### PROBLEM DESCRIPTION
Output exactly the lines from the line that has "this 1456×819 image." through the last line of the data below, with no pictures.
===== DATA FOR THE TASK
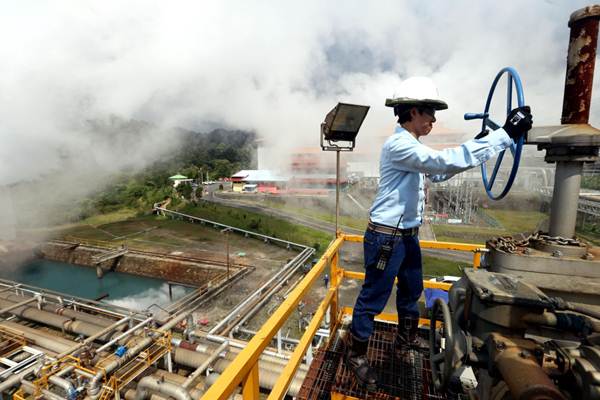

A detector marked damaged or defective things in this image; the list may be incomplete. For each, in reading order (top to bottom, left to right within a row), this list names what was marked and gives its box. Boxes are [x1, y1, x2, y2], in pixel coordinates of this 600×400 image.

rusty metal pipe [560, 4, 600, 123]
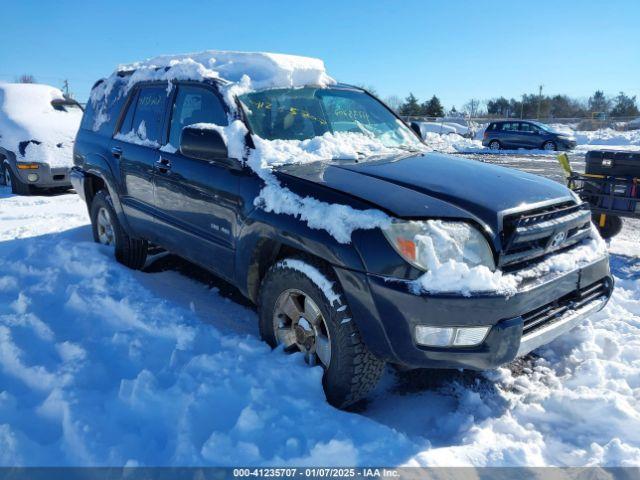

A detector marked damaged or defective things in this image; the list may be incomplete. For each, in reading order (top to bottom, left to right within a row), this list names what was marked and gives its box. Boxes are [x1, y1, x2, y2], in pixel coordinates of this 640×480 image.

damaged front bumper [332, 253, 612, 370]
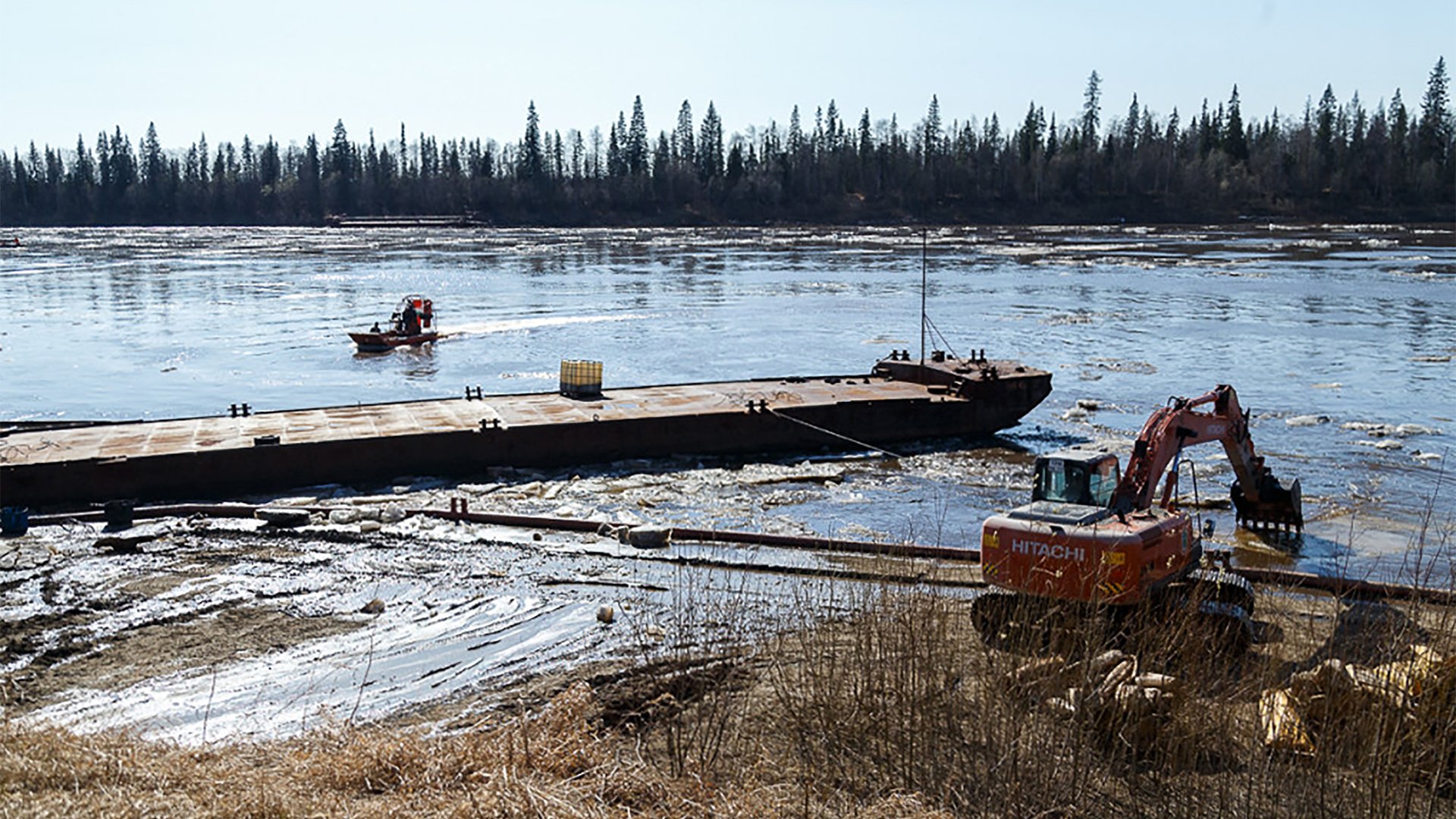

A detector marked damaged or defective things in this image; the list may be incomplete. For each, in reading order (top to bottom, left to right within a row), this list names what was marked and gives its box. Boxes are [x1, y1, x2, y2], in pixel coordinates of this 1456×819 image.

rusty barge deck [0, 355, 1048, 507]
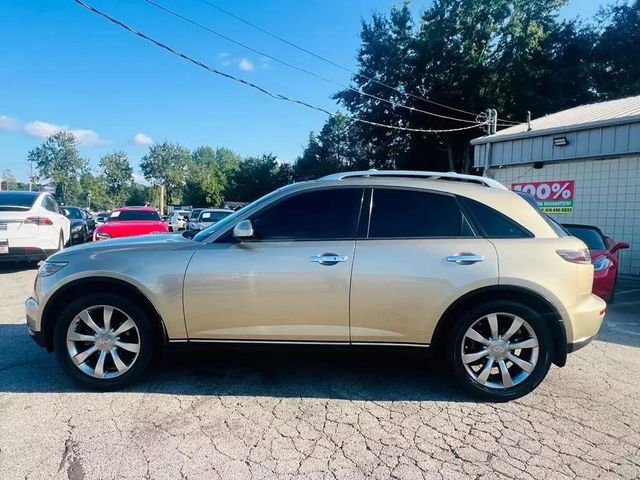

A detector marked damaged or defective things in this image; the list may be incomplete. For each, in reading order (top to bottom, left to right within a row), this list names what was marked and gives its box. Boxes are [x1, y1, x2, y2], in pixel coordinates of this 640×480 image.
==========
### TASK SOLUTION
A detector marked damaged or defective things in this image; the list may be incomplete. For each, in reading order (top to bottom, left to right within a row), this list names what was marked and gives its box. Boxes are [x1, y1, x2, y2], in pixel coordinates of this 1456×819 image.

rusty barge deck [0, 355, 1048, 507]

A detector marked damaged or defective things in this image; the list may be incomplete. For each, in reading order (top to bottom, left to right within a row), this list names what was marked and gives its box. Boxes are [x1, y1, x2, y2], in pixel coordinates of this 640×480 image.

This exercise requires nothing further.